FTIR Measurements of Greenhouse Gases over Thessaloniki, Greece in the Framework of COCCON and Comparison with S5P/TROPOMI Observations

In this work, column-averaged dry-air mole fractions of carbon dioxide (XCO2), methane (XCH4) and carbon monoxide (XCO) are presented for the first time at a mid-latitude urban station, Thessaloniki, Greece, using the Bruker EM27/SUN ground-based low-resolution Fourier Transform spectrometer operated according to the requirements of the Collaborative Carbon Column Observing Network (COCCON). Two years of measurements are presented and examined for seasonal variability. The observed XCO2 levels show the expected seasonal cycle (spring maximum, late summer minimum) with a peak-to-peak amplitude of 12 ppm, with maximum values reported for winter 2021 exceeding 416 ppm.
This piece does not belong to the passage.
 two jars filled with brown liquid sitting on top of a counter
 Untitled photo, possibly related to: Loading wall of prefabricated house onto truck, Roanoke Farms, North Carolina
The XCH4 values are shown to increase in the second half of the year, with autumn showing the highest mean value of 1.878 ± 0.01 ppm. The XCO levels, following anthropogenic sources, show high winter and low summer values, exhibiting a rise again in August and September with a maximum value of 114 ± 3 ppb and a minimum in summer 2020 of 76 ± 3 ppb. Additionally, methane and carbon monoxide products obtained from the TROPOspheric Monitoring Instrument (TROPOMI), Sentinel-5P space borne sensor, are compared with the ground-based measurements. We report a good agreement between products. The relative mean bias for methane and carbon monoxide are −0.073 ± 0.647% and 3.064 ± 5.566%, respectively. Furthermore, a 15-day running average is subtracted from the original daily mean values to provide ΔXCO2, ΔXCO and ΔXCH4 residuals, so as to identify local sources at a synoptic scale. ΔXCO and ΔXCO2 show the best correlation in the winter (R2 = 0.898, slope = 0.007) season due to anthropogenic emissions in this period of the year (combustion of fossil fuels or industrial activities), while in summer no correlation is found. ΔXCO and ΔXCH4 variations are similar through both years of measurements and have a very good correlation in all seasons including winter (R2 = 0.804, slope = 1.209). The investigation of the X-gases comparison is of primary importance in order to identify local sources and quantify the impact of these trace gases to the deregulation of earth-climate system balance.